For the love of crumb cake, just be gramatically correct.
ooo. i didn't see this new post while I was writing my response to the last one, so this is outdated and a run-on. (I wrote it offline, because if you try to write more than a couple of sentences in this little box, it times out and you lose your way...which may be a way of telling me that i am writing too much...)
***
good, god, if we get onto our sex lives, the blog will never run cold. (not that I think it will, you understand. I was speaking in the abstract.) although, who would tell the truth (by which i mean, the whole truth and not the edited, buffed- and funnied-up version)? sex is so fabulous and messy and driven and complicated and historical and shut up, kate, they don't want to know what you think. okay, shutting up about that.
notes for dictators:
--get yourself a really, really good consigliere
--encourage them to tell you the truth (without penalty)
--remember that "The Prince" was satirical
--be as fair as you can, but remember that "fair" doesn't always mean you have to do exactly the same thing for every person
--give credit is where it is due
--reward (lavishly/ostentatiously) anyone who SHARES the credit
--reward anyone who owns up to their mistakes (never punish this)
--hold people accountable in as dispassionate a way as possible
--punish people who unfairly ascribe blame (or won't take responsibility for their own errors)
--make sure that loyalty is rewarded and disloyalty punished
--don't be afraid to get rid of bad apples
--tell as much of the truth as you can
--when you cannot tell the whole truth, simply omit what you cannot say
--never lie or, if that isn't possible, lie very, very carefully (and sparingly)

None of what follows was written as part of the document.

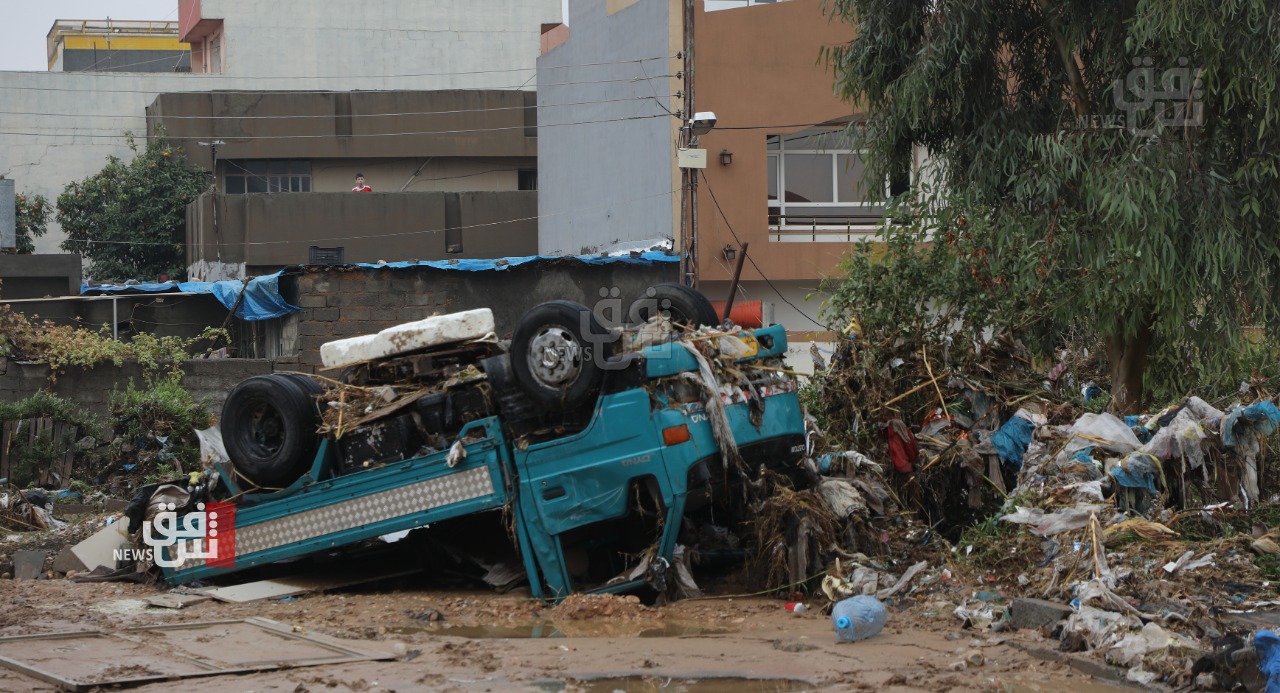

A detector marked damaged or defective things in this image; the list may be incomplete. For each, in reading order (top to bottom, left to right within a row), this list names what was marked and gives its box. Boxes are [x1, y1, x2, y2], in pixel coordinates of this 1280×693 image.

overturned truck [152, 286, 808, 599]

--critique yourself more harshly than you critique anyone else
--listen, listen, listen
--suspend judgement for as long as you can; remember that very few people are unbiased
--accept partial payments (they add up)
--accept partial assistance (it adds up)
--give gifts without strings (otherwise they are not gifts)
--pay handsomely
--give more than you get
--remember that people are out to get you
--guard what you love
--face what you fear
--eat what you want
--say what you like
--drink to excess :)
--go further than you want to
--embrace your failures
--revel in your flaws
--exploit your weaknesses
--remember that fearlessness gets you further
--gather and pay for intelligence
--flaunt what you've got
--find out what makes you happy and DO IT
--trust your instincts
--don't fake it; people can smell it a mile off
--don't listen to any old crap from a mini-dictator like me, I am a paranoid freak and only a mini-dictator (read: middle manager) by accident. what the hell do I know? (actually, I do have a really, really good consigliere, for what it is worth)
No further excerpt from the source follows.